1. Field of the Invention
The invention concerns an imaging system and in particular a projection objective of a microlithographic projection exposure apparatus.
2. State of the Art
Microlithography is used for the production of microstructured components such as for example integrated circuits or LCDs. The microlithography process is carried out in what is known as a projection exposure apparatus comprising an illumination system and a projection objective. The image of a mask (=reticule) illuminated by means of the illumination system is in that case projected by means of the projection objective on to a substrate (for example a silicon wafer) which is coated with a photosensitive layer (photoresist) and which is arranged in the image plane of the projection objective, in order to transfer the mask structure on to the photosensitive coating of the substrate.
Particularly in the early days of microlithography, so-called ‘copy systems’ with an imaging scale β of close to 1 were used as the projection objectives. Designs by way of example of such ‘copy systems’ are set forth hereinafter without laying any claim to completeness and without a definitive appreciation thereof, as state of the art.
JP 2003185923 A discloses such a projection objective which is designed for a working wavelength of 365 nm and which has two catadioptric subsystems K1 and K3 with mutually displaced optical axes, between which an intermediate image is produced. Each of the subobjectives has a concave mirror for correction of image field curvature and a polarisation beam splitter for folding of the optical axis.
JP 2004086110 A discloses a purely refractive projection objective PL which is also designed for a working wavelength of 365 nm and between the lens groups G1 and G2 of which no intermediate image is produced and for which a numerical aperture of NA=0.275 is specified.

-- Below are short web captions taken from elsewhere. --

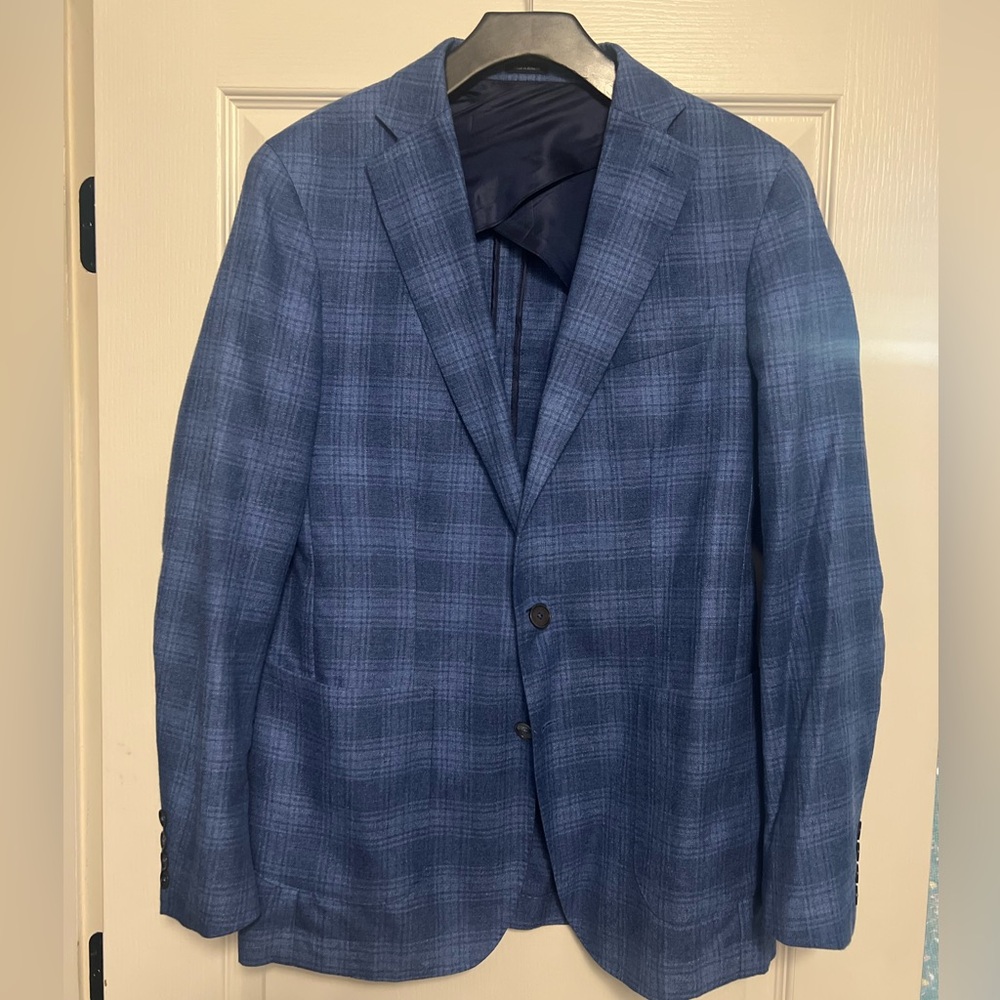 Peter Millar Silk/Cashmere Sports Coat 38R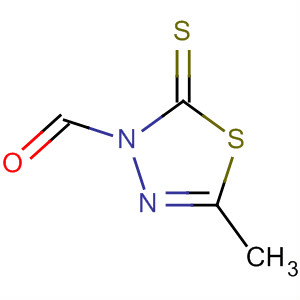 5-甲基-2-硫氧代-1,3,4-噻二唑-3(2H)-羧醛結構式_100747-87-3結構式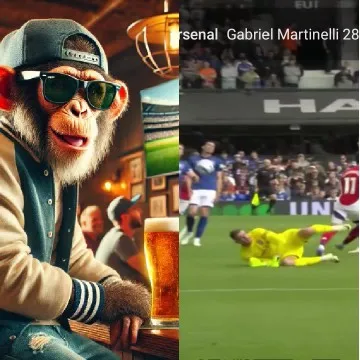 Animated Monkey and Soccer Scene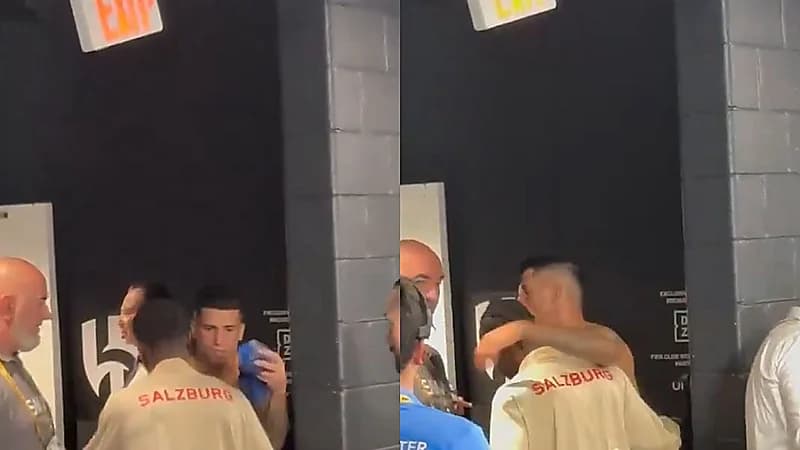 لاعب سالزبورغ ينتظر كانسيلو للحصول على قميصه والأخير يحتضنه .. فيديو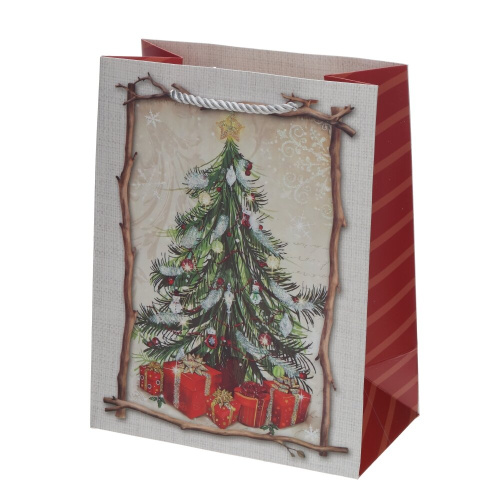 Пакет подарочный S (бумага 210г/м2, блок 12шт), L18 W10 H23 см, 4в. фото 4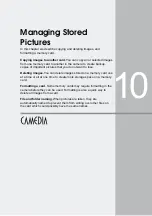 Preview for 147 page of Olympus CAMEDIA E 10 Instructions Manual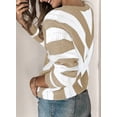 thumbnail image 2 of HOTAPEI V Neck Sweaters for Women Color Block Striped Knitted Sweater Long Sleeve Pullover Sweaters Knit Tops, 2 of 6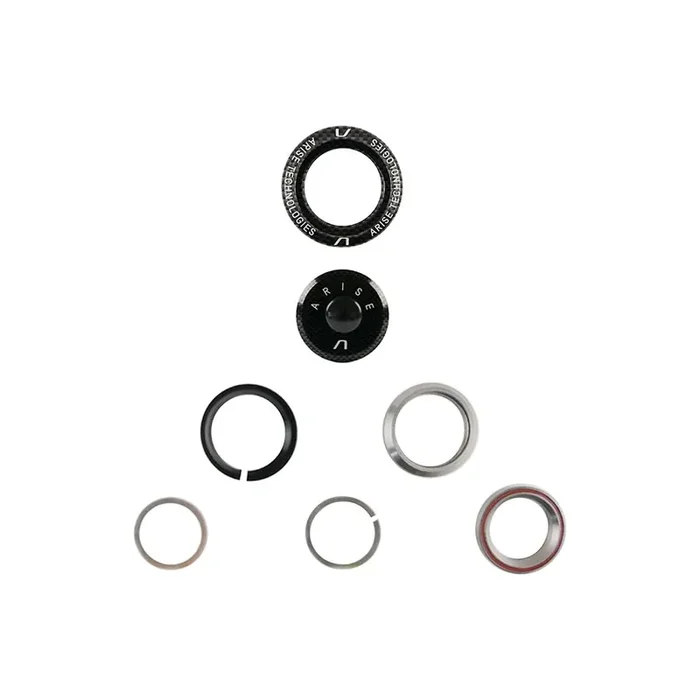 ARISE Crystal 8 1-1/8‘‘ Headset, Integrated, Complete, Black
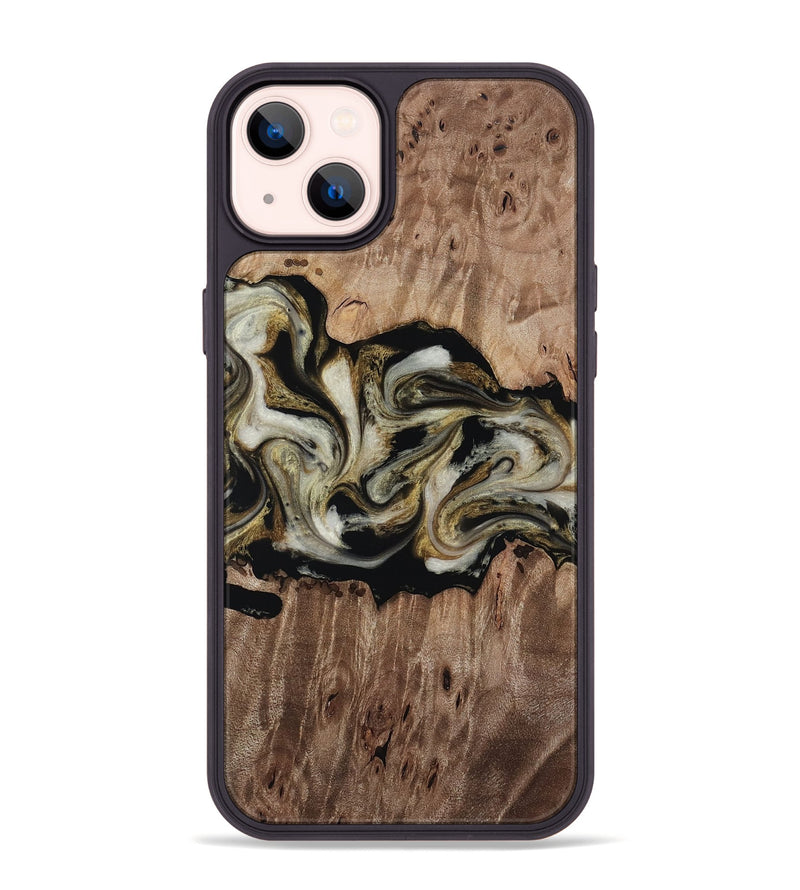 iPhone 14 Plus Wood Phone Case - Zora (Black & White, 818604)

In order to do justice to the demands on manufacture of ever smaller structures in the μm range, present projection objectives for microlithography are typically designed in the form of reduction objectives with an imaging scale β of less than 1 and typically β=0.25 or less (for example with β=0.125, β=0.100 etc). That also reduces in particular the demands on the microstructuring of the mask (which depending on the above-mentioned imaging scale is 4 times, 8 times, 10 times etc larger). In order to correct the aberrations which occur in particular in such projection objectives which are of an ever more complex structure, high-resolution reduction objectives typically have a relatively large number of for example 20 or more optical elements such as lenses, mirrors, prisms and so forth.
Catadioptric designs which have both refractive and also reflecting components are particularly wide-spread. Admittedly, in such projection objectives, it is possible to achieve relatively high numerical apertures which can be further increased by means of immersion lithography to values above 1, but the process complication and expenditure in terms of production and adjustment is considerable in regard to the large number of different optical elements which are to be adjusted as precisely as possible relative to each other.
Furthermore, aspheric members are also used in the correction of aberrations, whereby further degrees of freedom are introduced in the optical system in particular without additional lens elements. In that respect it is known in particular that the position of aspherical surfaces in the system substantially influences the mode of action thereof on different kinds of aberration. An inventory of the ranges of action of aspheric members in dependence on the height of the outermost ray emanating from the object center beam and of the main ray is to be found for example in W Besenmatter: ‘Analyse der primären Wirkung asphärischer Flächen mit Hilfe des Delano-Diagramms’, [‘Analysis of the primary action of aspherical surfaces by means of the Delano diagram’], OPTIK, Vol 51, No 4, 1978, pages 385-396.